[Source data]:
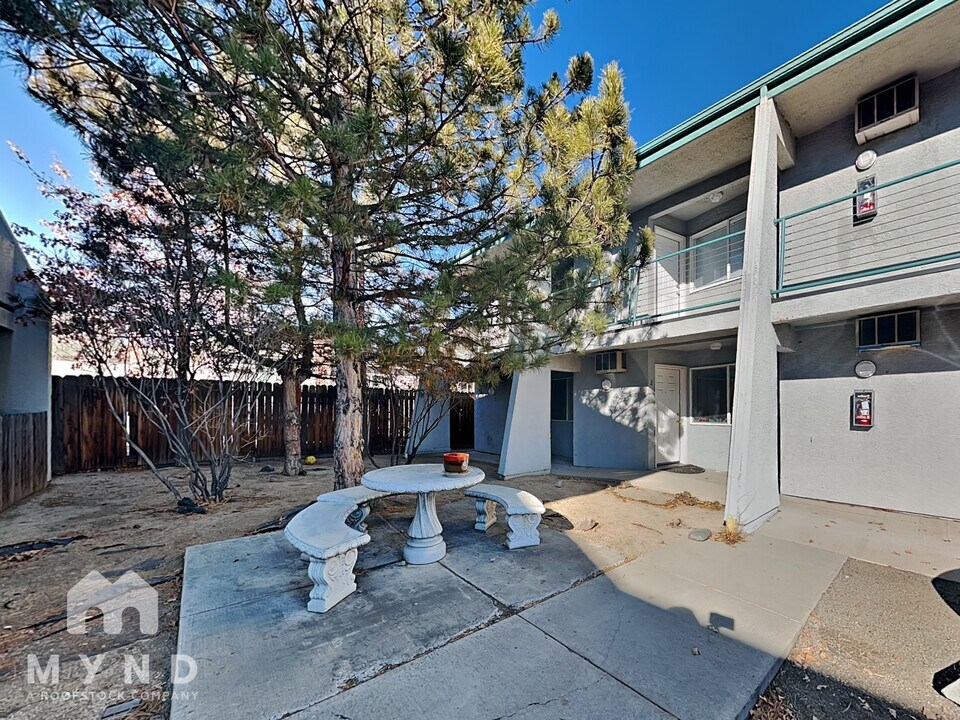 950 Berrum Ln in Reno, NV - Building Photo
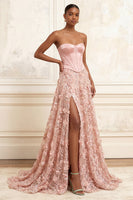 Laden Sie das Bild in den Galerie-Viewer, Lang Trägerlos Perlenstickerei A Linie Blumen Korsett Glitzernd Errötende Ballkleid mit Schlitz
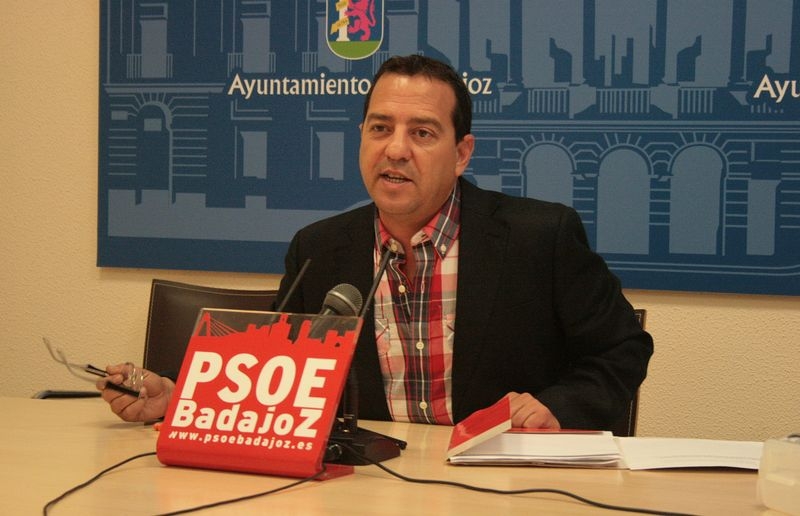 El PSOE de Badajoz denuncia los recortes que está sufriendo la Policía Local en la ciudad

[What you need to do]: In your transcription of the listing above, match each line exactly and include no pictures.

[Answer section]:
 950 Berrum Ln in Reno, NV - Building Photo
 Laden Sie das Bild in den Galerie-Viewer, Lang Trägerlos Perlenstickerei A Linie Blumen Korsett Glitzernd Errötende Ballkleid mit Schlitz
 El PSOE de Badajoz denuncia los recortes que está sufriendo la Policía Local en la ciudad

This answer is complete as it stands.